Why unions are failing their members

March 3, 1993
Issue 

By Peter Boyle

On the eve of the Kennett government's Employee Relations Act coming into operation in Victoria, there is hardly a union official in the state who is prepared to say in public what most rank and file unionists know: that the official leaders of the union movement have pulled back from an effective industrial and community campaign against the act because of their loyalty to a Labor Party desperately seeking re-election.

Victorian Trades Hall Council industrial officer Brian Boyd admitted in January — in a narrowly circulated discussion paper — that ALP pressure had "undermined" the campaign, but he has since been silent. VTHC secretary John Halfpenny admitted the ALP's restraining influence when he told the media on February 24 that the campaign could expand if the Coalition won the federal election.

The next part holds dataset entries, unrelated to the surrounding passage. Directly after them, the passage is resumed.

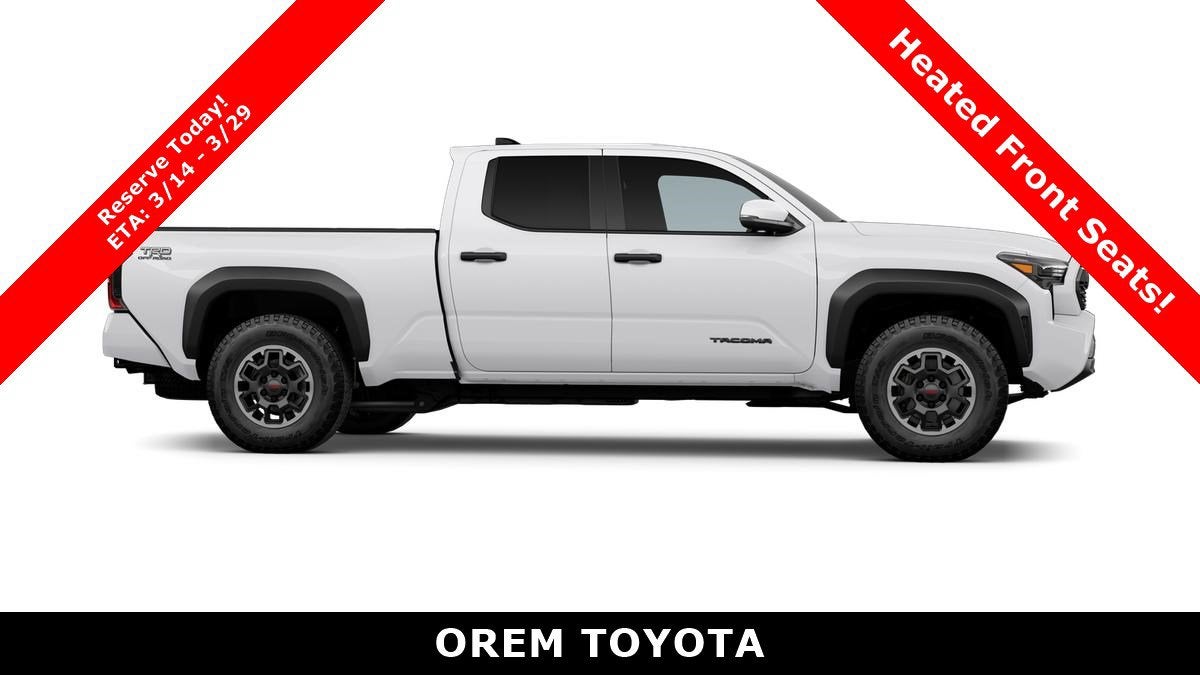 2026 Toyota Tacoma TRD Off-Road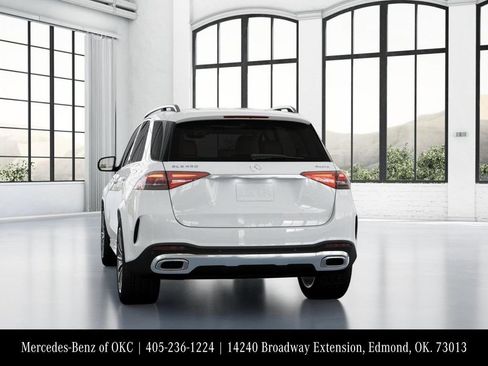 New 2026 Mercedes-Benz GLE 450 4MATIC image 26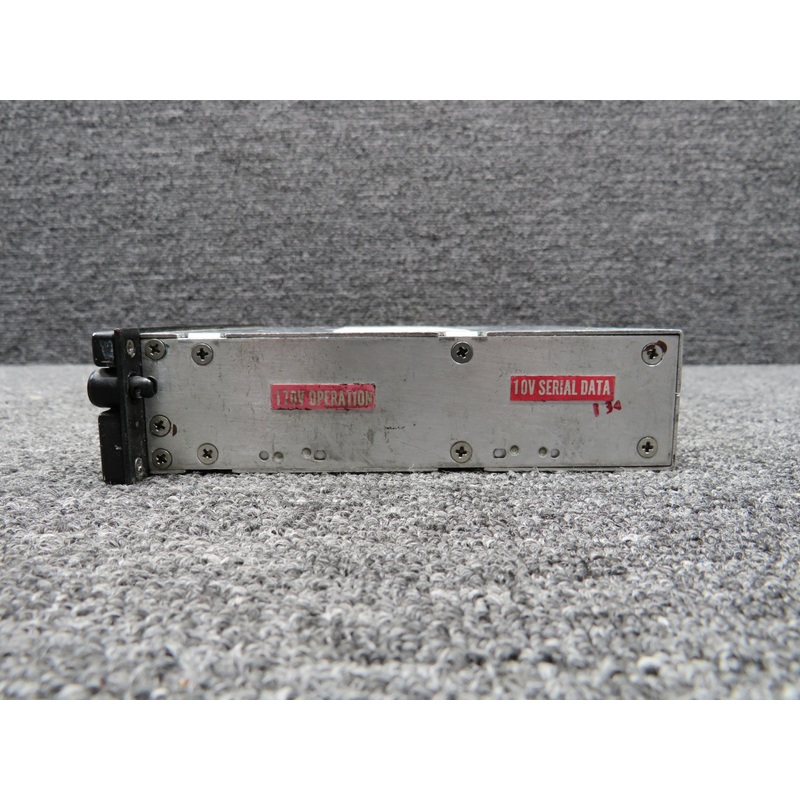 071-1062-04 King Radio KCU-591 Comm Digital Control Unit w Mods (Cracked Glass)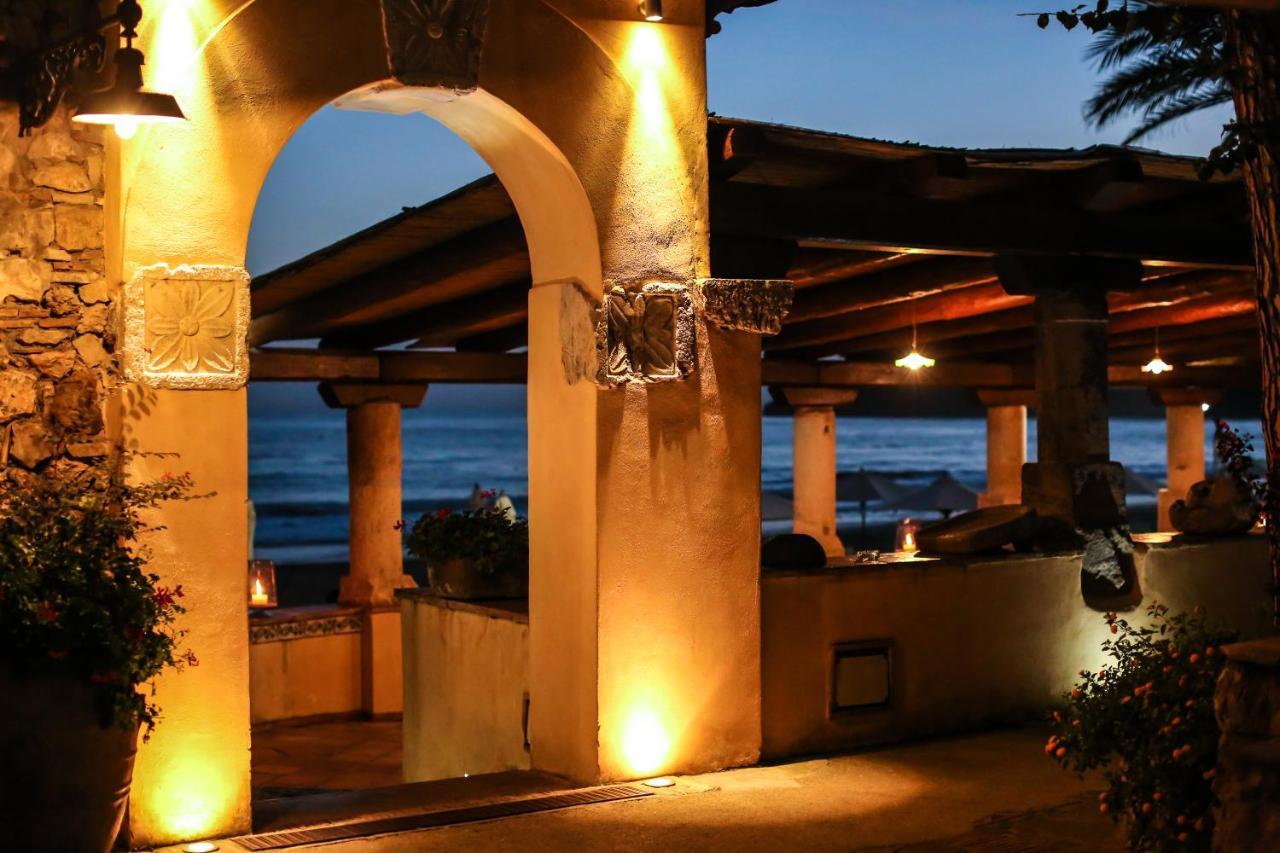 Aeneas' Landing Resort กาเอตา ภายนอก รูปภาพ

This is only the latest example of the terrible price the union movement is paying for its affiliation to and domination by the ALP. There is a long list of struggles sacrificed in the last decade in the name of keeping Labor politicians in office, extending from the 1985 SEQEB dispute in Queensland to the campaign against the NSW Greiner government's attack on workers' rights and schools to last year's APPM dispute in Tasmania.

In each case, union officials restrained an angry and militant rank and file, prevented sustained mass united action and finally demoralised workers into accepting significant defeats.

Since 1983, through the ALP-ACTU Accord, most unions have been transformed into extensions of increasingly right-wing ALP governments. Union officials have taken up the role of policing their own ranks, restraining wages, trading off conditions and sacrificing jobs.

When a few unions sought to challenge the Accord, as did the Builders Labourers' Federation and airline pilots, other unions (some even calling themselves "left") moved in to break these struggles by collaborating in vicious police repression against these "rogue unions" and by organising scabbing and membership poaching.

The negative effect of the Accord is often measured in terms of wages — in the last 10 years the real award wage rate has been cut by between 17% and 30% — but the worst effect has been the erosion of workers' power to stand up to their employers.

This erosion has come about through the destruction of the once traditional union principle of solidarity ("the struggle of one is the struggle of all"), through the loss of militant tradition and experience in the movement and through the marked decline in union membership.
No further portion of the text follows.